Tax, Medicare, banking, shares, council rates, superannuation, vehicle registration, yacht registration, tolls & E tags, Australia Post mailing history, public surveillance cameras, E tags under the front edge of wheelie bins.

dorian · Guru

https://www.theshovel.com.au/2022/09/23/optus-change-password-name-date-of-birth-gender-data-breach/

Australia's second largest telco has responded to a massive data breach, advising customers to update their password, move house, change names and take on a new identity.

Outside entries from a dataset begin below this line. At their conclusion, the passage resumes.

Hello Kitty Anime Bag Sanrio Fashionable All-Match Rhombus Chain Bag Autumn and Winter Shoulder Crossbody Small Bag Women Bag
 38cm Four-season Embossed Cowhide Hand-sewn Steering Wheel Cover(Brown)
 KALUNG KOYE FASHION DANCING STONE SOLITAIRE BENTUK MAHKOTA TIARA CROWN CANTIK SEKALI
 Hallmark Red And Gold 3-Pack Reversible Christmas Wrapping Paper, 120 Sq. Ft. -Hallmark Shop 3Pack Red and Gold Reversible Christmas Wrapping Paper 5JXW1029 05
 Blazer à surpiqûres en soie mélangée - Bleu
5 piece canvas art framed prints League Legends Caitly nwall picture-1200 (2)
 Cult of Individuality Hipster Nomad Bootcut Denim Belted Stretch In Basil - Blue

"We're hopeful that this cyber attack won't amount to anything, but to be on the safe side we do suggest anyone who has been an Optus customer since 2017 change their name, gender, address and birthday," Optus CEO Kelly Bayer Rosmarin said in a video message.

Mike Harding · Guru

I never give companies any more personal information than they absolutely need but I think, in future, when I'm asked for personal info. I'm going to reply; "To name but two of many both the American Department of Defence and Optus failed to stop data being stolen, what computer security strategies do you have in place which they failed to implement?"

PeterInSa · Guru

I now use another DOB unless its a Government Department.

Mike Harding · Guru

PeterInSa wrote:
I now use another DOB unless its a Government Department.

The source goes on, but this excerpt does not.